→ **Recorded information**:
=-=-=-=-=
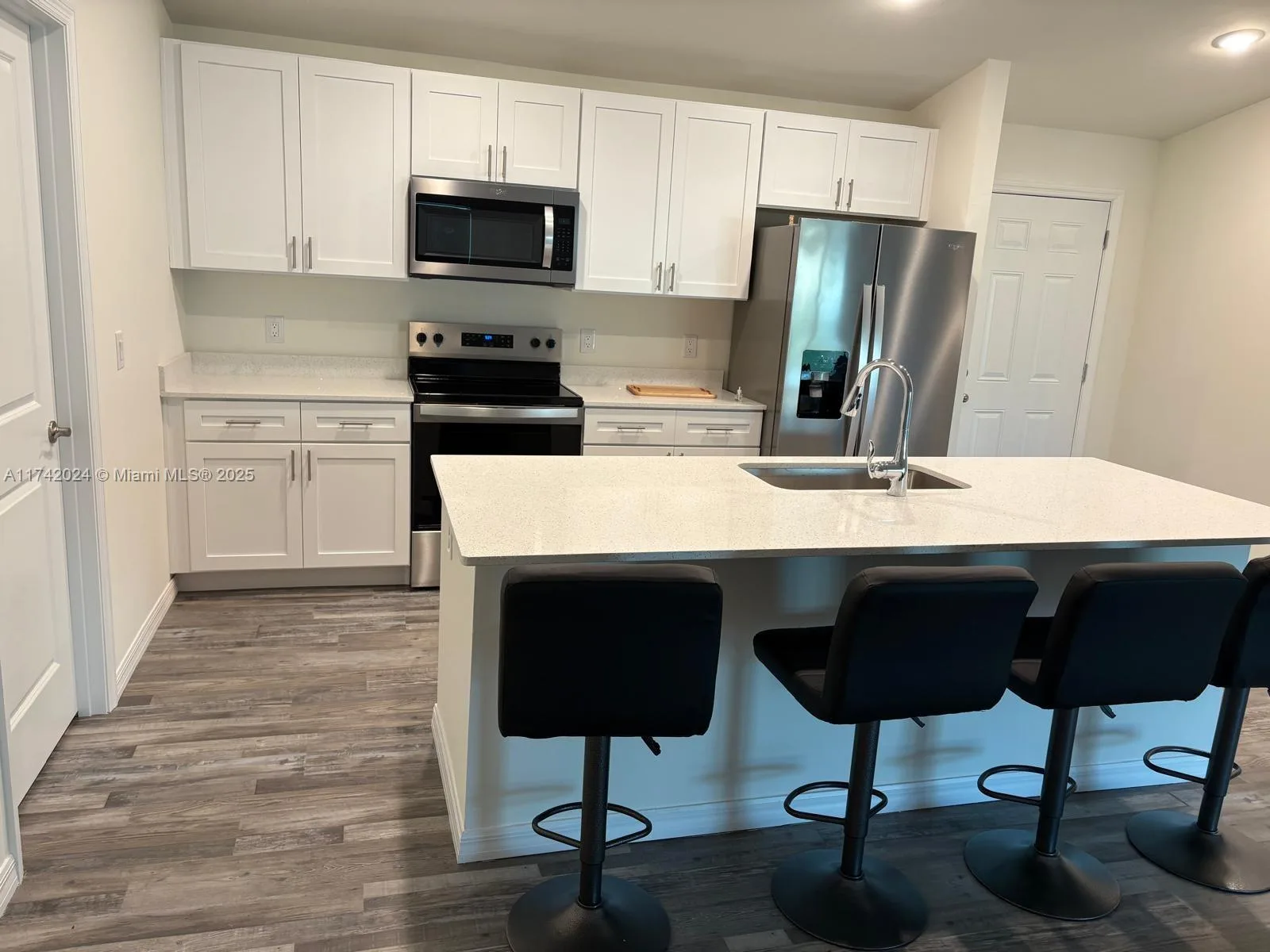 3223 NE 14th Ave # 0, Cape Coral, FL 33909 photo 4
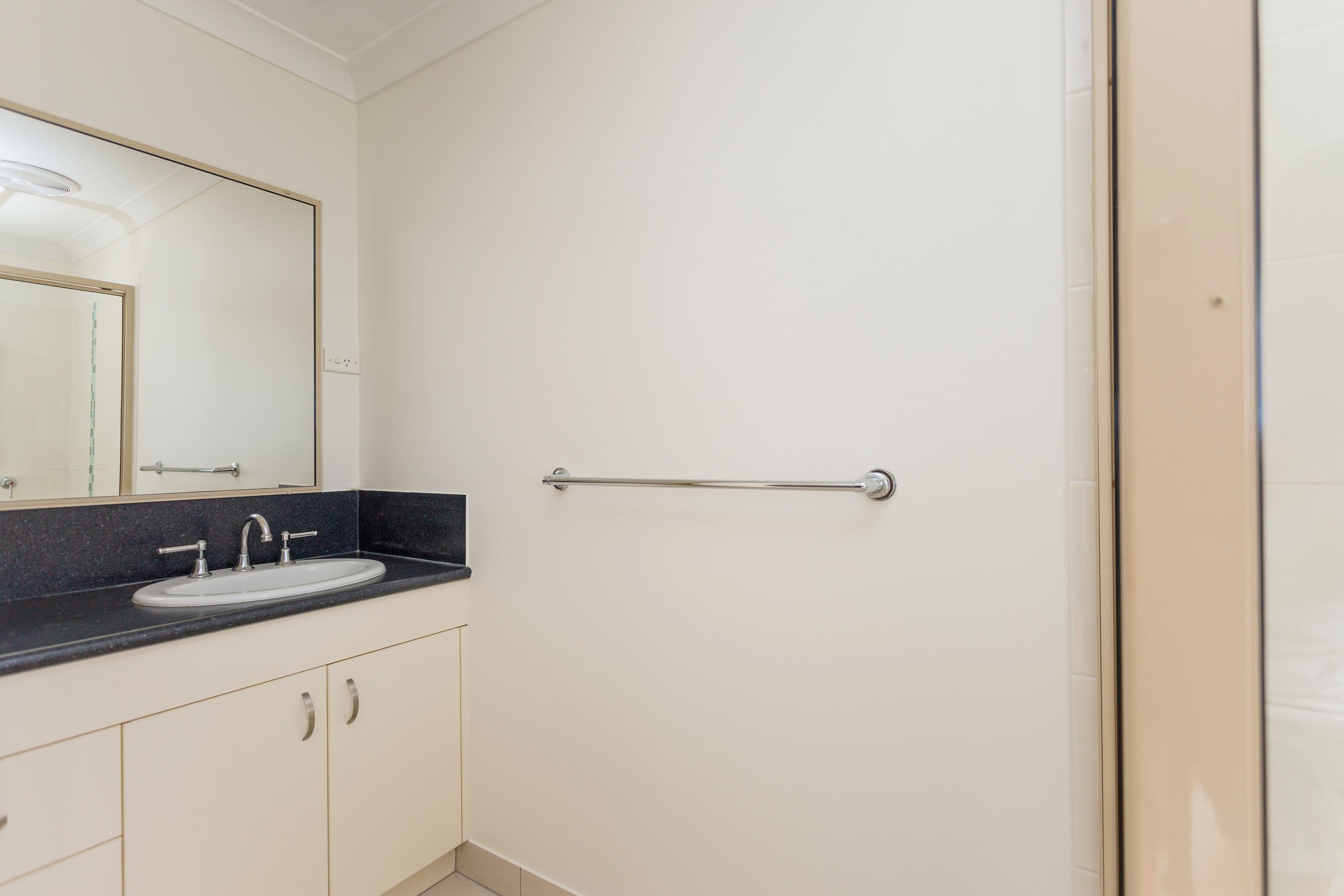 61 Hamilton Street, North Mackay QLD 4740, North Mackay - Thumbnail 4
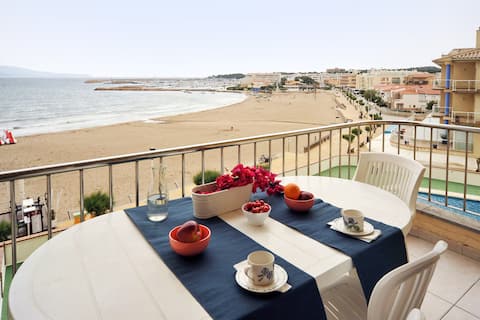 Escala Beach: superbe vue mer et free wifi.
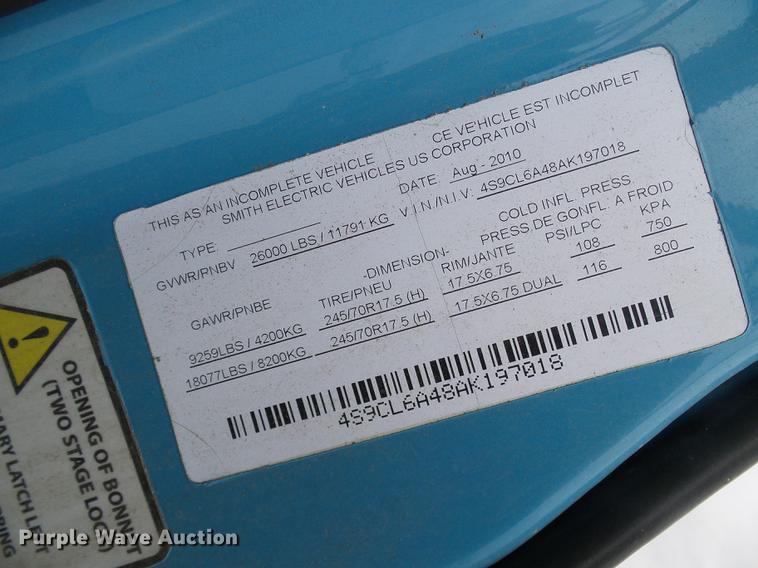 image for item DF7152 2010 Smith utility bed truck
=-=-=-=-=
→ **What is required**: Return all of the material above unchanged, minus its pictures.

→ **Response area**:
 3223 NE 14th Ave # 0, Cape Coral, FL 33909 photo 4
 61 Hamilton Street, North Mackay QLD 4740, North Mackay - Thumbnail 4
 Escala Beach: superbe vue mer et free wifi.
 image for item DF7152 2010 Smith utility bed truck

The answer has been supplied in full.